Design for Synchronous Replication/ WAL Streaming

From: Simon Riggs <simon(at)2ndQuadrant(dot)com>
To: pgsql-hackers <pgsql-hackers(at)postgresql(dot)org>
Subject: Design for Synchronous Replication/ WAL Streaming
Date: 2008-08-19 03:13:40
Message-ID: 1219115620.5343.896.camel@ebony.2ndQuadrant
Views: Raw Message | Whole Thread | Download mbox | Resend email
Thread:
Lists: pgsql-hackers

For various reasons others have not been able to discuss detailed
designs in public. In an attempt to provide assistance with that I'm
providing my design notes here - not hugely detailed, just rough
sketches of how it can work. This may also help identify coordination
points and help to avert the code equivalent of a traffic jam later in
this release cycle.

Sync rep consists of 3 main parts:
* WAL sending
* WAL transmitting
* WAL receiving
WAL apply is essentially the same, so isn't discussed here.

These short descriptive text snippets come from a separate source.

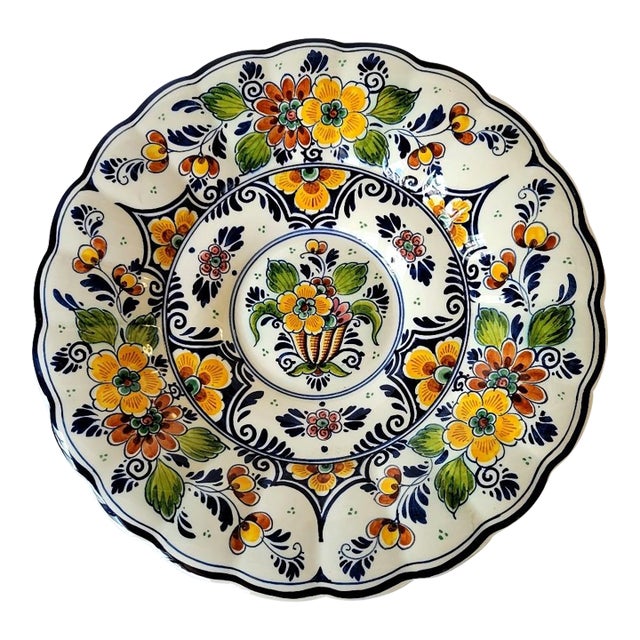 Vintage Royal Goedewaagen Dutch Delft Polychrome Hand-Painted Floral Charger For Sale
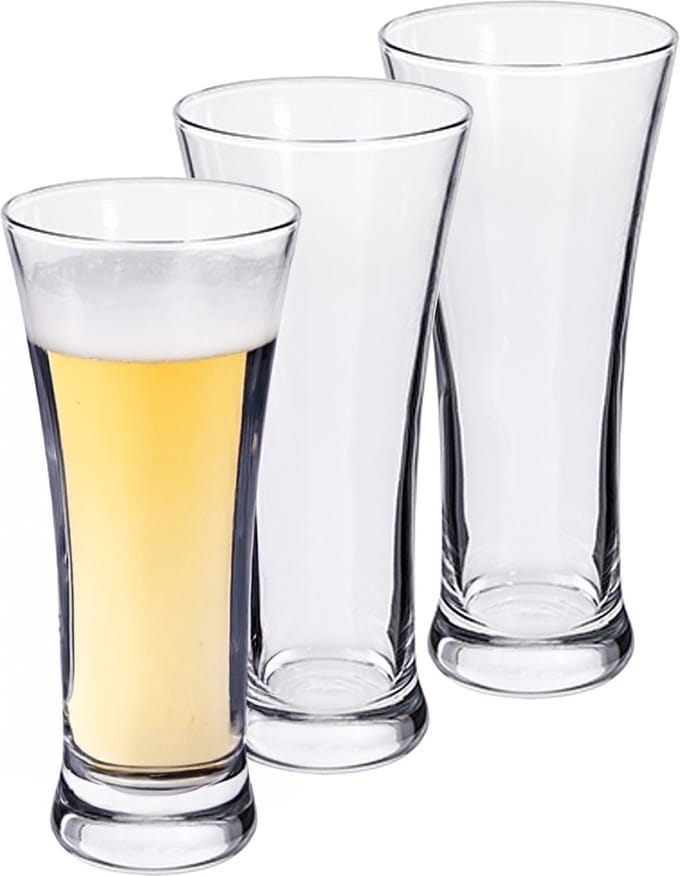 Alessandro Bierglazen Flutes Crystal - 3x stuks - glas - 350 ml - 7 x 15 cm - Speciaal bier glazen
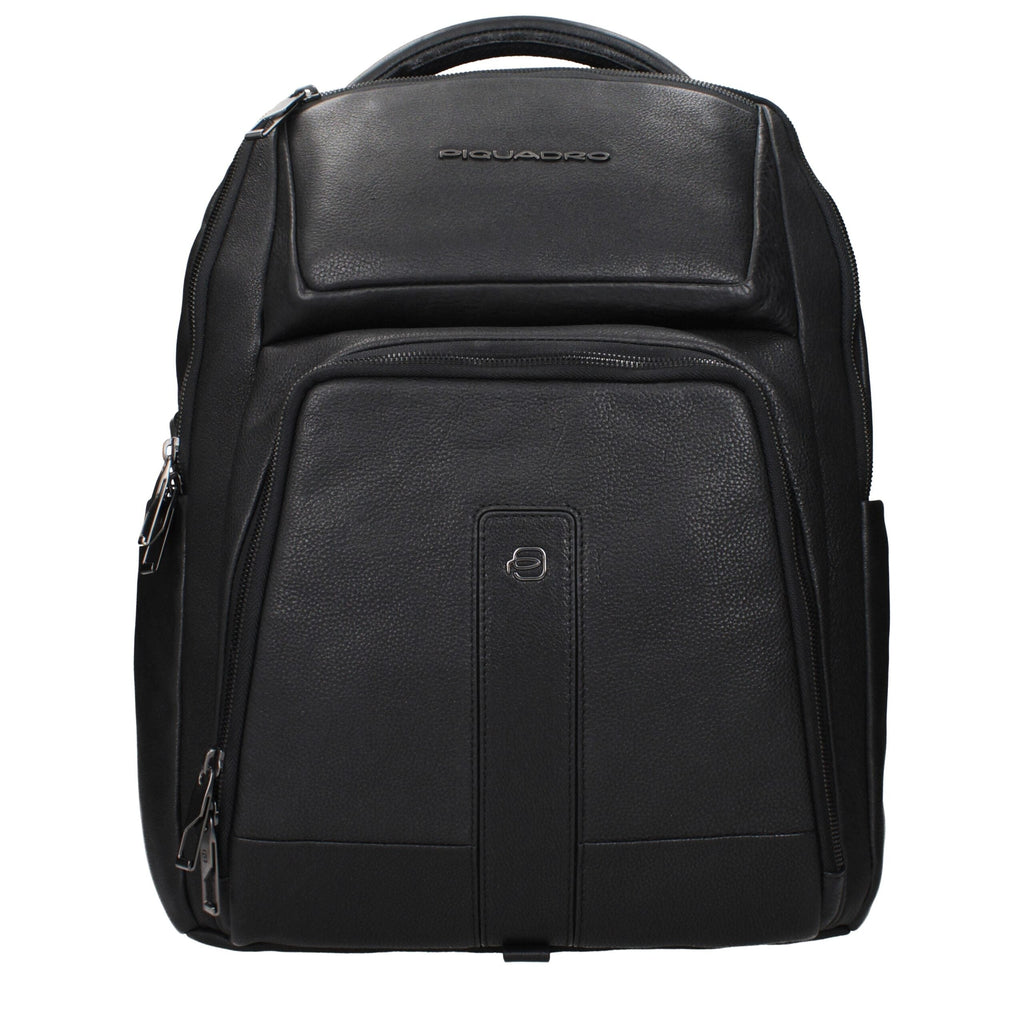 Piquadro Black Leather Men's Backpack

WAL sending - would be achieved by having WAL writer issue calls to
transmit data. Individual backends would perform XLogInsert() to insert
a commit WAL record, then queue themselves up to wait for WAL writer to
perform the transmit up to the desired LSN (according to parameter
settings for synchronous_commit etc). The local WAL write and WAL
transmit would be performed together by the WAL writer, who would then
wake up backends once the log has been written as far as the requested
LSN. Very similar code to LWlocks, but queued on LSN, not lock arrival.
Should be possible to make queue in strict LSN order to avoid complexity
on wake-up. This then provides Group Commit feature at same time as
ensuring efficient WAL transmit.

WAL transmit - network layer is handled by plugin, as suggested by
Itagaki/Koichi. Requirements are efficient transfer of WAL, similar
configurability to other aspects of Postgres, including security.
Various approaches possible
* direct connect using new protocol
* implement slight protocol changes into standard PostgreSQL client,
similar to COPY streaming, just with slightly different initiation.
Allows us to use same config, security options as now with postmaster
handling initial connection.
Plugin architecture allows integration with various vendor supplied
options. Hopefully Postgres gets working functionality as default.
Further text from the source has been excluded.